◆ PROBLEM STATEMENT:
Each entry, from beginning to end, is to be transcribed verbatim.

◆ EXCERPTED DATA:
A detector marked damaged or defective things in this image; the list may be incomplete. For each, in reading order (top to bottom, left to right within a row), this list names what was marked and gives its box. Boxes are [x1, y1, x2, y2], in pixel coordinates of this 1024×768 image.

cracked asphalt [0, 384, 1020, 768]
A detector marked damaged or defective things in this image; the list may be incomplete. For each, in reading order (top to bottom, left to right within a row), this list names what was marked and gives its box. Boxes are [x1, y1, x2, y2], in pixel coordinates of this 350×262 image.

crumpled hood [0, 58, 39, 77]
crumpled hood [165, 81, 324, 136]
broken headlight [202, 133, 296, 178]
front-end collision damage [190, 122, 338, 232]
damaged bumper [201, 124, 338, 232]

◆ ANSWER BOX:
A detector marked damaged or defective things in this image; the list may be incomplete. For each, in reading order (top to bottom, left to right within a row), this list names what was marked and gives its box. Boxes are [x1, y1, x2, y2], in pixel coordinates of this 1024×768 image.

cracked asphalt [0, 384, 1020, 768]
A detector marked damaged or defective things in this image; the list may be incomplete. For each, in reading order (top to bottom, left to right within a row), this list names what was marked and gives its box. Boxes are [x1, y1, x2, y2], in pixel coordinates of this 350×262 image.

crumpled hood [0, 58, 39, 77]
crumpled hood [165, 81, 324, 136]
broken headlight [202, 133, 296, 178]
front-end collision damage [190, 122, 338, 232]
damaged bumper [201, 124, 338, 232]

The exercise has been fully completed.